While many girls pack multiple pairs of heels and cute shoes for vacation, I make room for my running shoes. Vacation running is a must for me on any trip, whether it’s going home for the holidays or abroad. I’ve had many wonderful experiences – and only a few bad! – and look at vacation running as much more than getting a workout in; it’s an interactive way to discover the world around you!


Here are my 4 tips to have a safe and successful run in a new city:

Pack Smart

Even an hour flight or 5 hour drive is going to change your weather conditions. I like to check in on where I’m traveling to the whole week before to see what the highs and lows are at different times so I know how I’ll want to dress for a run. Remember, you’ll want to dress like it’s 15-20 degrees warmer than it is so you don’t overheat.

12003417_10100566197432915_4911957923817744500_nRunning in Istanbul!

The longer the trip, the higher chance of things changing. Pack an extra layer or rain jacket in case of pop-up storms or temperature drops you didn’t anticipate. Running gear now is so fashionable, you most likely have a number of pieces that can work for a run or sightseeing. Pack as many options that you can that will serve as both.

Map it Out

Before you go, check out the area you are staying on Map My Run to create your own routes and look at saved routes of others. I like to check the neighborhood I am staying in as well as hot tourist spots that could make for a solid sightseeing run.

My favorite route in DC, where I would stay for conferences once a year, was a 5 mile route that took me by Arlington Cemetery, the WWII Memorial,  and the Lincoln Monument. I had gotten my workout in and seen some major sites all before our 9am meeting!

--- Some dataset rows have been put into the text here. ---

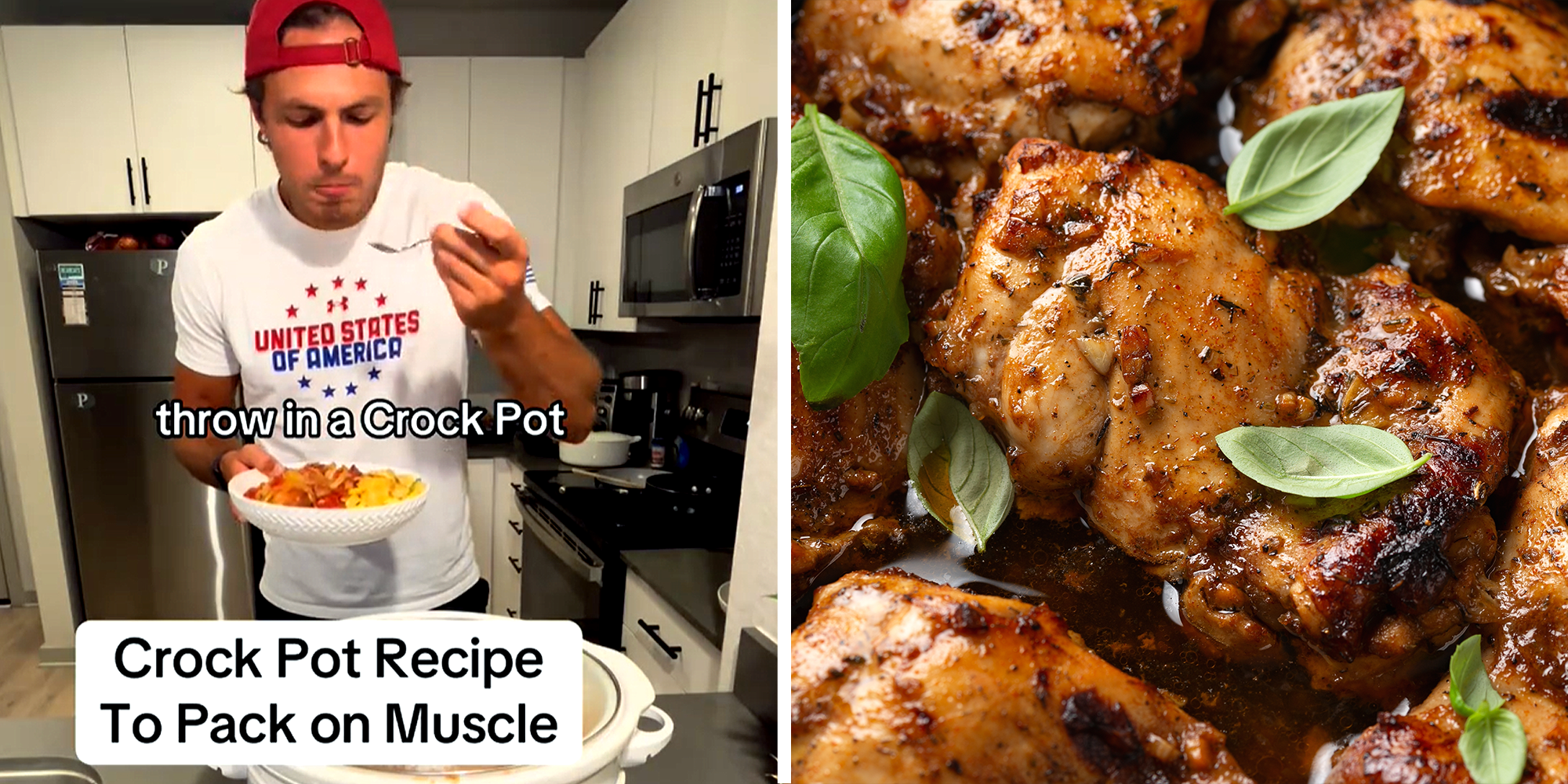 Man in hat in the kitchen making recipe in crock pot with text over that reads "throw in a Crock Pot" "Crock Pot Recipe To Pack on Muscle" on left. Spiced chicken with basil leaves on right.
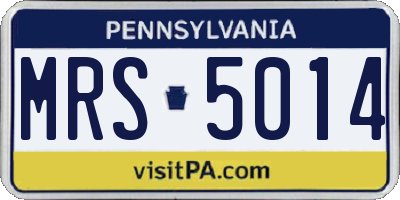 PA license plate MRS5014
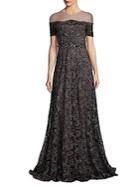 Marchesa Illusion Off-the-shoulder Embroidered Gown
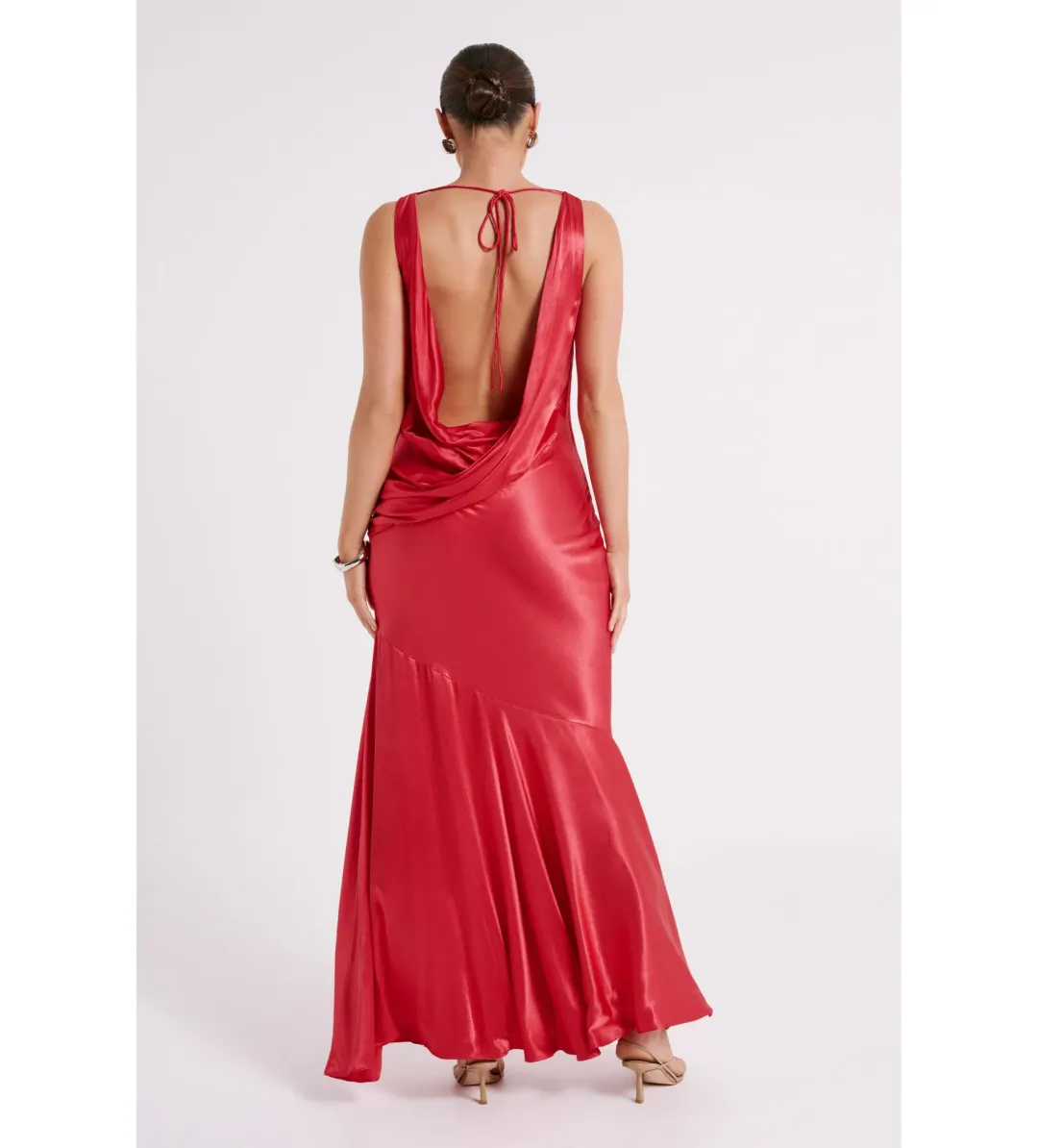 Meshki Ellison Satin Cowl Gown Red Size Small / AU 8 for rent on The Volte - main image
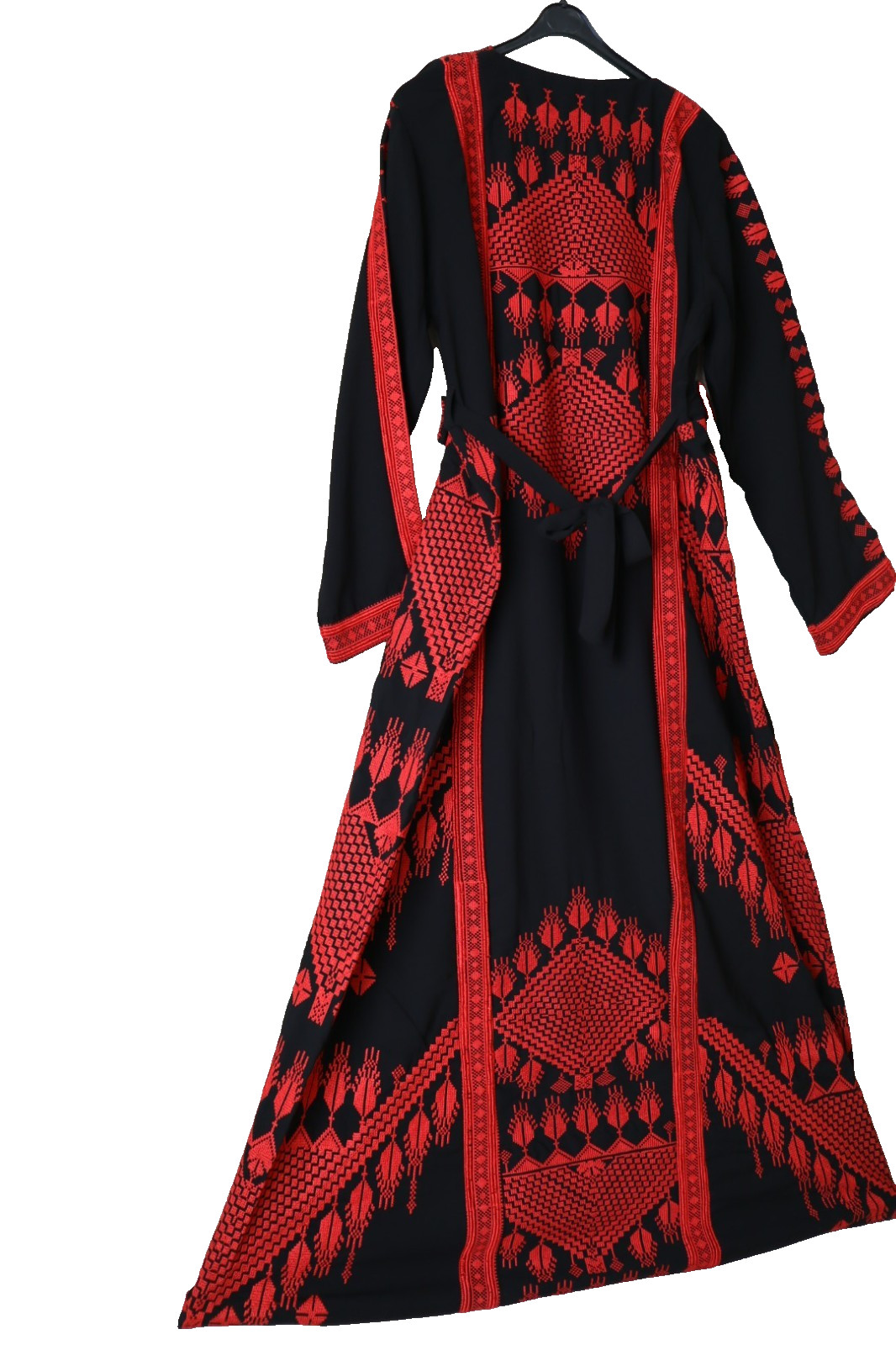 Traditional Palestinian / Jordanian Embroidered Thobe Kaftan Dress Black -NOUR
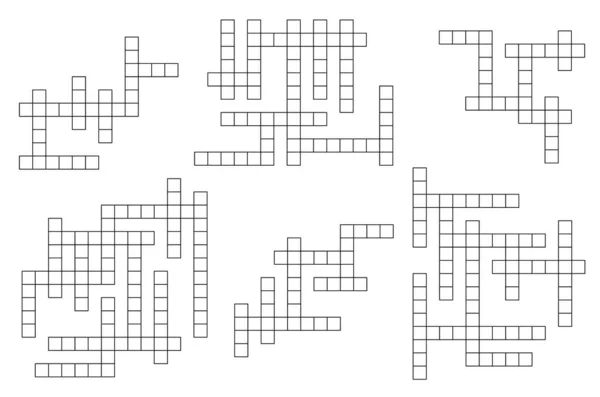 Crossword Game Grids Vocabulary Quiz Text Game Vector Set Word — Vettoriale Stock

You can map your own route to check distances between locations, and look at other users’ runs to get ideas of good routes. If you are very unfamiliar with an area I definitely recommend zooming in and using the map feature to get an idea of the landscape. You don’t want to be on a run and it turns out your route by the river is actually a parking lot. Don’t forget your camera to capture the views!


Meet the Locals

If you’re flying solo, or in one city for an extended period of time, check out local running groups. Many stores – like Fleet Feet, Nike, and Lululemon – offer weeknight and weekend morning group runs for free that anyone can join. This way you’re not only meeting new people and getting a better sense of the running community there, you’re not having to plan your route.

If you prefer to run alone, ask the front desk if they know good places to run, or mention it when meeting new people. We were at a dinner in Hawaii on our honeymoon and I got to talking with our waiter about running and he tipped me off on a beach spot I shouldn’t miss and told me how to get there from our hotel.

10665818_10100336123497925_4016712771337071732_n-1San Fransisco run

Arm Yourself

When running in an unfamiliar place, safety becomes an even higher priority. No one knows you there and you don’t have a firm grasp on your surroundings. This would be that bad experience I was talking about. In Mexico, I went on what was explained to me as a cul-de-sac looped neighborhood.

In truth, it was, but it wasn’t a perfect circle and there were a number of offshoots and landscaping obscuring the correct path. Needless to say, my 3-4 mile run turned into an hour and a half hike in the hot sun and ended with an understanding cabbie who let me pay him when he dropped me at the house we were staying (which I am embarrassed to say, didn’t know the address of).

Take your phone, some cash, and the address of your hotel incase any number of things happen.

10312502_10100381491155775_1485969639494349956_nLake Jackson, GA run


Above all, keep it light and fun! Vacation running is more vacation than running (unless you’re training for an event which I totally understand!) so don’t feel bad for being a tourist, stopping to take photos as you go. This is a way to explore more of the city in less time and have the endorphins flowing as you go. Plus, it instantly makes you look and feel like a local!